# Lets get it started



## cmoreno85tx (Sep 2, 2008)

Hey Brothers its me Carlos Moreno an EA hopefully FC on 9/8/08 - Community Lodge #1201 A.F. & A.M. San Antonio, TX. I decided to stay with cmoreno85tx as it is my "Online Handle".  Well hope we can keep this site goin as strong as the last MOT site.


----------



## Joey (Sep 2, 2008)

cmoreno85tx said:


> Hey Brothers its me Carlos Moreno an EA hopefully FC on 9/8/08 - Community Lodge #1201 A.F. & A.M. San Antonio, TX. I decided to stay with cmoreno85tx as it is my "Online Handle".  Well hope we can keep this site goin as strong as the last MOT site.



AMEN BROTHER!!!


----------



## JTM (Sep 3, 2008)

welcome to the boards (again?)


----------



## ravickery03 (Sep 3, 2008)

cmoreno85tx said:


> Hey Brothers its me Carlos Moreno an EA hopefully FC on 9/8/08 - Community Lodge #1201 A.F. & A.M. San Antonio, TX. I decided to stay with cmoreno85tx as it is my "Online Handle".  Well hope we can keep this site goin as strong as the last MOT site.



Yeah!  Another brother from San Antonio, now we just need to out number the guys from Fort Worth. 
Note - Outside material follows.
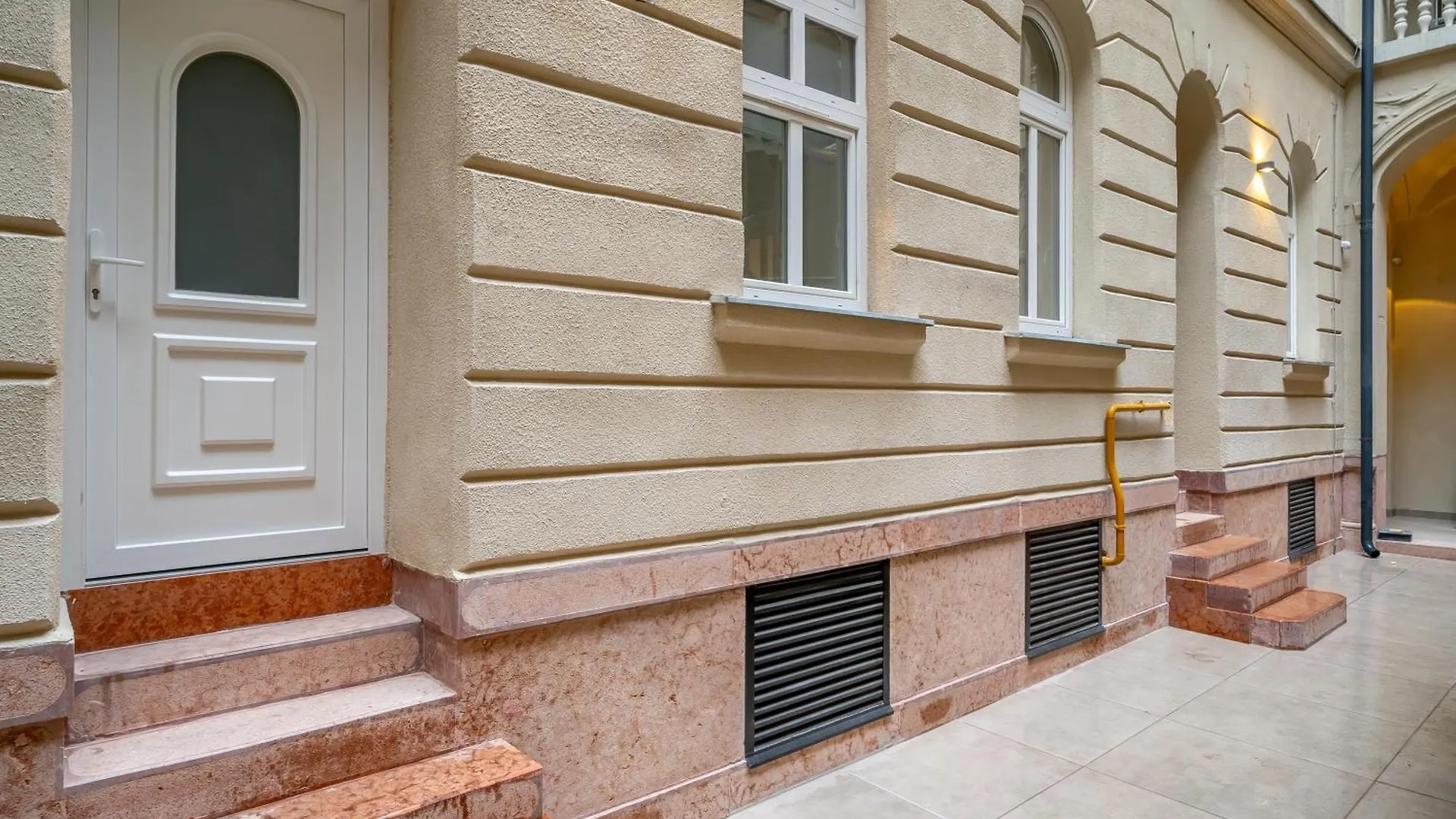 Paulay At Opera Suites P39 Budapest Hungary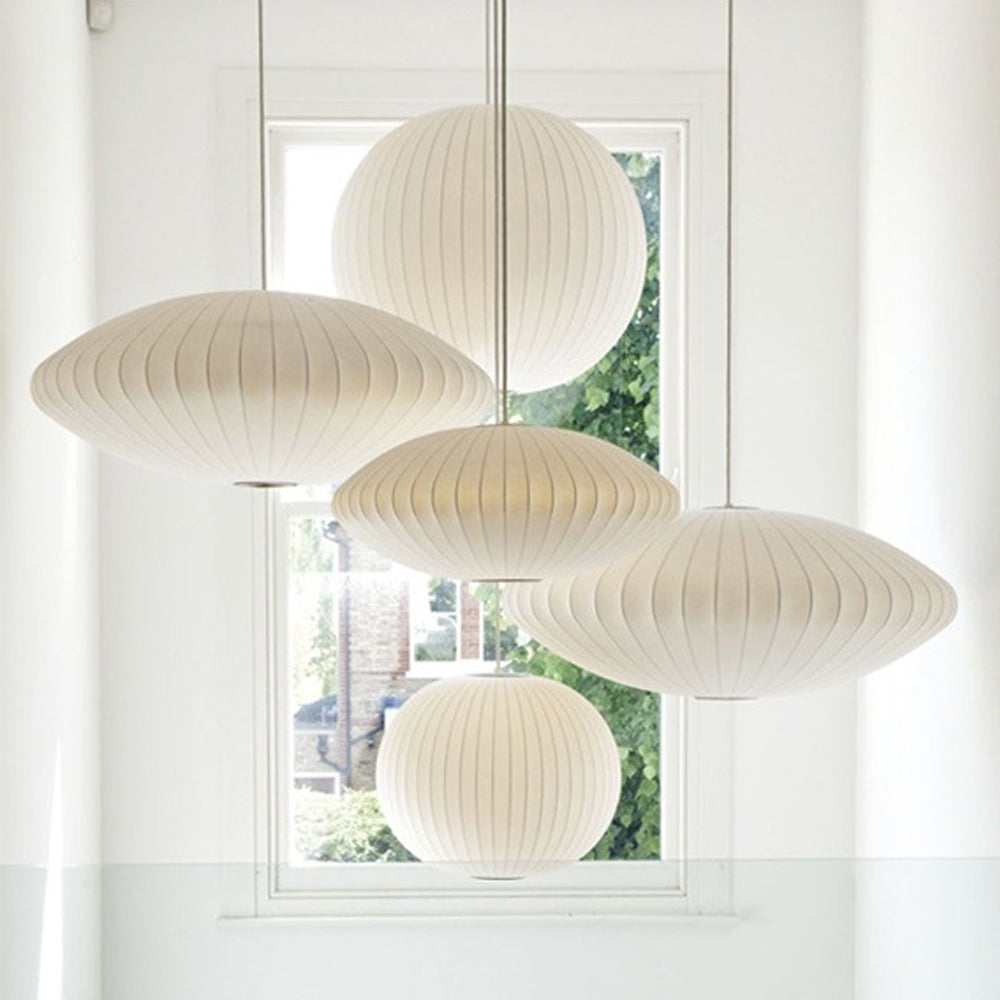 Suspension en tissu de soie plissé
Brother, be sure to keep us in the loop in regards to your raising!


----------



## cmoreno85tx (Sep 4, 2008)

ravickery03 said:


> Yeah!  Another brother from San Antonio, now we just need to out number the guys from Fort Worth.
> 
> Brother, be sure to keep us in the loop in regards to your raising!




I sure will Brother.  On Monday (9/8/2008) I will receive my Fellowcraft degree ( if I can pass my Proficiency that is...) Prof. starts at 4 and afterwards the degree.  Any and all Brothers are welcome to come.


----------